● **WORK INSTRUCTION**
From the line containing "2019 Toyota Avalon" down to the final line of the entries below, restate each line word for word and add nothing.

(DATA FOR THIS TASK begins)

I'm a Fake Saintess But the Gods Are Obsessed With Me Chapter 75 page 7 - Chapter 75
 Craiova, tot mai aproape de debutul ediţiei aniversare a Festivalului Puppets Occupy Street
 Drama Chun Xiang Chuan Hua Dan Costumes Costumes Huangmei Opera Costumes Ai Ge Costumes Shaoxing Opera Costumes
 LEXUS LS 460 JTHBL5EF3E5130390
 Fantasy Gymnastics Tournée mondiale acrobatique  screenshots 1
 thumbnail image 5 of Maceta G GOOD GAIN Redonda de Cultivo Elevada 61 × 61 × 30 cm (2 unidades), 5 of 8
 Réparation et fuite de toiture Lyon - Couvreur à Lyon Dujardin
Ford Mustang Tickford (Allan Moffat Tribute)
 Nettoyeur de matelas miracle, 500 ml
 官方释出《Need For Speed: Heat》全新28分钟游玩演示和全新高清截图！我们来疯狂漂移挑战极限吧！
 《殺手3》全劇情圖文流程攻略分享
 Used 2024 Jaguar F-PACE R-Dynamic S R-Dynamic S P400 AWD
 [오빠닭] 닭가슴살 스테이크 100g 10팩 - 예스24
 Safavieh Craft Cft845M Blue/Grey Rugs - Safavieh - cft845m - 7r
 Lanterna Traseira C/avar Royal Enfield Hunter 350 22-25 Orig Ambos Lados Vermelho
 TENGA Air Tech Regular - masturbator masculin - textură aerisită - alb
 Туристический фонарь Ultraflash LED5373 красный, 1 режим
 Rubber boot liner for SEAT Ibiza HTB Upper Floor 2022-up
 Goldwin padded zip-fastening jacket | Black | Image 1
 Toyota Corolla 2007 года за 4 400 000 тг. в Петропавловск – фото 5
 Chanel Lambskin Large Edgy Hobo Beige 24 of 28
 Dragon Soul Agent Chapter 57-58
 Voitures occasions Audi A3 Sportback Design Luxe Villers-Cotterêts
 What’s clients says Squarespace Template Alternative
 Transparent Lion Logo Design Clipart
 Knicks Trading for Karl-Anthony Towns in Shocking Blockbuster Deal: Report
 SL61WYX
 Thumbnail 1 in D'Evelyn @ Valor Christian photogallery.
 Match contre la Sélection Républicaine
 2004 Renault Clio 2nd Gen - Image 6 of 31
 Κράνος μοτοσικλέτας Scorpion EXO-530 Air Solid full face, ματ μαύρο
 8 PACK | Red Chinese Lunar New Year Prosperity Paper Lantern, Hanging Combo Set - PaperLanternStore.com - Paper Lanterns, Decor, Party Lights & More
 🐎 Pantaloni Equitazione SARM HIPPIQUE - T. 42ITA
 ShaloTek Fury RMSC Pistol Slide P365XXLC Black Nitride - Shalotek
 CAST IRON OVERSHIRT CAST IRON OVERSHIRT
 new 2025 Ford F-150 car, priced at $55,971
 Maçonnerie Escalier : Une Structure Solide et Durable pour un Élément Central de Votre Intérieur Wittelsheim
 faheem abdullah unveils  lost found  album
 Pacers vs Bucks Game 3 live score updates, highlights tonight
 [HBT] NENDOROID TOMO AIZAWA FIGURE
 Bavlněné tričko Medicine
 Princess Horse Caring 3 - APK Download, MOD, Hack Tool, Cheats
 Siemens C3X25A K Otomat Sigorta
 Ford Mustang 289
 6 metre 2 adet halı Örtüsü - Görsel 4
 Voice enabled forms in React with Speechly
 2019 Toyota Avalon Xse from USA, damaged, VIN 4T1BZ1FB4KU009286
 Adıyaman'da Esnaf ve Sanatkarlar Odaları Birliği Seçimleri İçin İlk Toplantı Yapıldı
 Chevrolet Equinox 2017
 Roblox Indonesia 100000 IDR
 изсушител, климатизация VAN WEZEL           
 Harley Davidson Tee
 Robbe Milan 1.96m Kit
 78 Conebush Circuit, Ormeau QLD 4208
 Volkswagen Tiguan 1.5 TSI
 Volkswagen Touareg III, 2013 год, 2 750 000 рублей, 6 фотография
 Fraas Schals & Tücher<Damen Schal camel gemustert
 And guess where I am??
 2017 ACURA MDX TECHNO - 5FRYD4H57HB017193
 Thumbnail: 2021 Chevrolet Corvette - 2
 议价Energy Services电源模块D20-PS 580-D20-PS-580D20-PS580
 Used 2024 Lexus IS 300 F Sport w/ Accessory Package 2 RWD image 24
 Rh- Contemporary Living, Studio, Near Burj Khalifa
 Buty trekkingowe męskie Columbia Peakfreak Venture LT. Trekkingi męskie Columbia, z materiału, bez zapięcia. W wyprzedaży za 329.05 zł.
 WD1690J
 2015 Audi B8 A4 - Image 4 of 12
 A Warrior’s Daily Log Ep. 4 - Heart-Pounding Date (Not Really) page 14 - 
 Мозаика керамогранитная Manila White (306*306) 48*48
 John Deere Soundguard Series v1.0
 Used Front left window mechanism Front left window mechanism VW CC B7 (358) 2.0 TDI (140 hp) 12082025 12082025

(DATA FOR THIS TASK ends)

● **EXERCISE OUTPUT**
 2019 Toyota Avalon Xse from USA, damaged, VIN 4T1BZ1FB4KU009286
 Adıyaman'da Esnaf ve Sanatkarlar Odaları Birliği Seçimleri İçin İlk Toplantı Yapıldı
 Chevrolet Equinox 2017
 Roblox Indonesia 100000 IDR
 изсушител, климатизация VAN WEZEL           
 Harley Davidson Tee
 Robbe Milan 1.96m Kit
 78 Conebush Circuit, Ormeau QLD 4208
 Volkswagen Tiguan 1.5 TSI
 Volkswagen Touareg III, 2013 год, 2 750 000 рублей, 6 фотография
 Fraas Schals & Tücher<Damen Schal camel gemustert
 And guess where I am??
 2017 ACURA MDX TECHNO - 5FRYD4H57HB017193
 Thumbnail: 2021 Chevrolet Corvette - 2
 议价Energy Services电源模块D20-PS 580-D20-PS-580D20-PS580
 Used 2024 Lexus IS 300 F Sport w/ Accessory Package 2 RWD image 24
 Rh- Contemporary Living, Studio, Near Burj Khalifa
 Buty trekkingowe męskie Columbia Peakfreak Venture LT. Trekkingi męskie Columbia, z materiału, bez zapięcia. W wyprzedaży za 329.05 zł.
 WD1690J
 2015 Audi B8 A4 - Image 4 of 12
 A Warrior’s Daily Log Ep. 4 - Heart-Pounding Date (Not Really) page 14 - 
 Мозаика керамогранитная Manila White (306*306) 48*48
 John Deere Soundguard Series v1.0
 Used Front left window mechanism Front left window mechanism VW CC B7 (358) 2.0 TDI (140 hp) 12082025 12082025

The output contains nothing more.